◆ Exercise requirements: When you reach the line containing "27 Heritage Village Ln, Columbia, SC 29212", include it and stop; until then, return each line of the material exactly, starting with the first.

◆ Record excerpts:
-*-
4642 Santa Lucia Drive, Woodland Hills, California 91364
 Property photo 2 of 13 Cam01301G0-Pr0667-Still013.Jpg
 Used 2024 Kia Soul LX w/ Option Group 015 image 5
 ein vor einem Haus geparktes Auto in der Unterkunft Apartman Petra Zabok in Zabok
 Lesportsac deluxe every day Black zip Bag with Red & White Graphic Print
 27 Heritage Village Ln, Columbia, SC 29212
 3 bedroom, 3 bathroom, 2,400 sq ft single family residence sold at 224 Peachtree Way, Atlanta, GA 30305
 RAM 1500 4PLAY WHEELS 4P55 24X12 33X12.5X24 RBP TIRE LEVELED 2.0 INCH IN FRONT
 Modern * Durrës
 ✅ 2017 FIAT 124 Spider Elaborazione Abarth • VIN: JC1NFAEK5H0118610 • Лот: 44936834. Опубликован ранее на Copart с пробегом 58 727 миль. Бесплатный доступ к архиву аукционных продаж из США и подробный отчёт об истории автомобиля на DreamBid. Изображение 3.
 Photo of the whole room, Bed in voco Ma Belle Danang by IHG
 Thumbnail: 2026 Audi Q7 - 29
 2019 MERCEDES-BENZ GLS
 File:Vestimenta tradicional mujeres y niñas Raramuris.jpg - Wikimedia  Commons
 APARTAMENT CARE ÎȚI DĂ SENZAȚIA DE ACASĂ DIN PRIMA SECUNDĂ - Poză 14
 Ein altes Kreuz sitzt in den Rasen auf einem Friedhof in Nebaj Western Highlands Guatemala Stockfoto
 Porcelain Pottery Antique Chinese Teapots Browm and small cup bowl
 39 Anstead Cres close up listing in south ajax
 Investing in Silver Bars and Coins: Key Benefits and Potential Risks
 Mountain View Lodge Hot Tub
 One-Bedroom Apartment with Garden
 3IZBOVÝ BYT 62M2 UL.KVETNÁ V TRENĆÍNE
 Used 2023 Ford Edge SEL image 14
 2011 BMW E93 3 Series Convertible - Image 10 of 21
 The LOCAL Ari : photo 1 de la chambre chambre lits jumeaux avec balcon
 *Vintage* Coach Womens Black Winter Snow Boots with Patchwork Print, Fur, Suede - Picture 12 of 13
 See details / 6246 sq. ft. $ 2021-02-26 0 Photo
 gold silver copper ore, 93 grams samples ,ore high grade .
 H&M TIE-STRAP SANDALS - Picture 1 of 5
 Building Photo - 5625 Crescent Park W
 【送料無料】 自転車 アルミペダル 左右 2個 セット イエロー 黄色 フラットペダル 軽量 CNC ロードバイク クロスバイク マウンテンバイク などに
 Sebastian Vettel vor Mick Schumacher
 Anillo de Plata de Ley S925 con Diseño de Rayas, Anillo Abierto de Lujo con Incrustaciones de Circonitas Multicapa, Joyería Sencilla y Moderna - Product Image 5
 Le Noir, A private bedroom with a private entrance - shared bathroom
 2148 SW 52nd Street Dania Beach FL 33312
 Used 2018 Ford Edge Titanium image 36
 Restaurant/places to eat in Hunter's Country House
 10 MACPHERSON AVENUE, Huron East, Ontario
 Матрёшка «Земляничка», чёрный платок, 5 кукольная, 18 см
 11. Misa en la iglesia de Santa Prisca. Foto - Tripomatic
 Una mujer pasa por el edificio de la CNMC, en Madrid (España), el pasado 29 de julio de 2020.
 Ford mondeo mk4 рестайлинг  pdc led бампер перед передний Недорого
-*-
◆ Answer to this task:
4642 Santa Lucia Drive, Woodland Hills, California 91364
 Property photo 2 of 13 Cam01301G0-Pr0667-Still013.Jpg
 Used 2024 Kia Soul LX w/ Option Group 015 image 5
 ein vor einem Haus geparktes Auto in der Unterkunft Apartman Petra Zabok in Zabok
 Lesportsac deluxe every day Black zip Bag with Red & White Graphic Print
 27 Heritage Village Ln, Columbia, SC 29212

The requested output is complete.